Exercise objective:
Images are not part of the copy; write out the rest of the data exactly as given.

Supplied data:
Segment Open

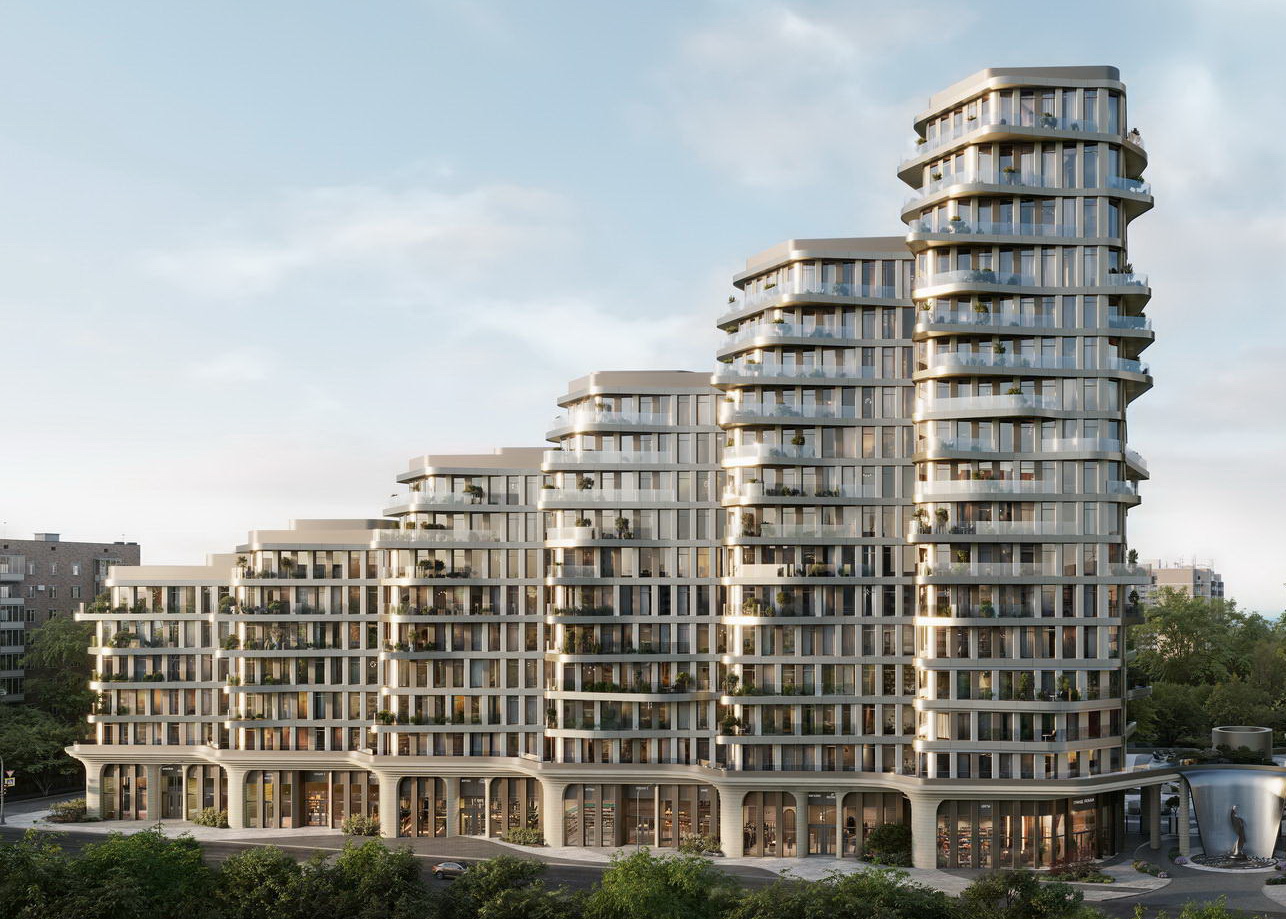 Застройщик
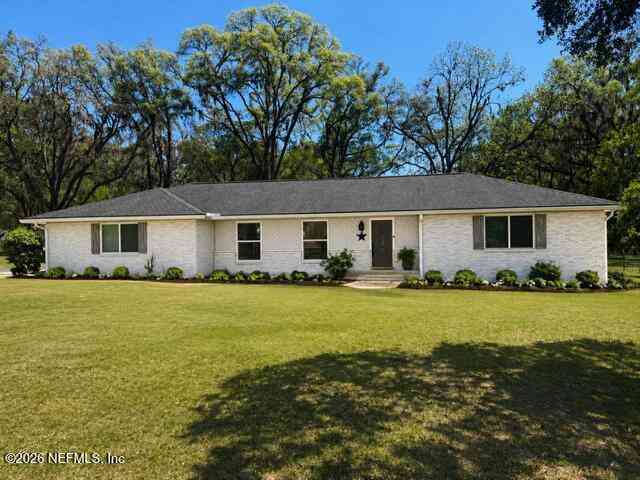 Homes For Sale - 6049 Taylor Road<br/> Clay County, Middleburg, FL 32068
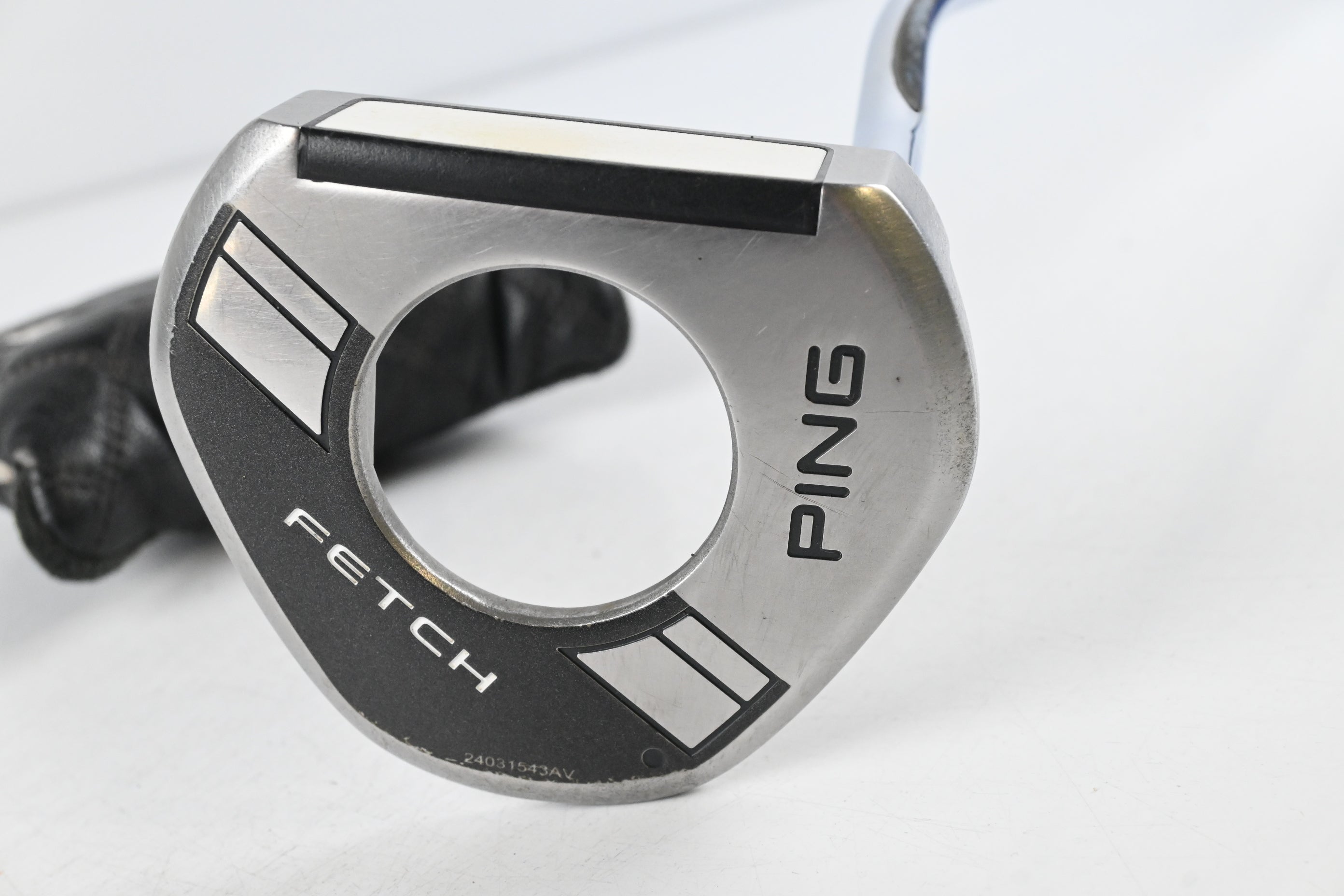 Ping Fetch 2024 Putter / 33 Inch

Segment Closed

Solution for this task:
 Застройщик
 Homes For Sale - 6049 Taylor Road<br/> Clay County, Middleburg, FL 32068
 Ping Fetch 2024 Putter / 33 Inch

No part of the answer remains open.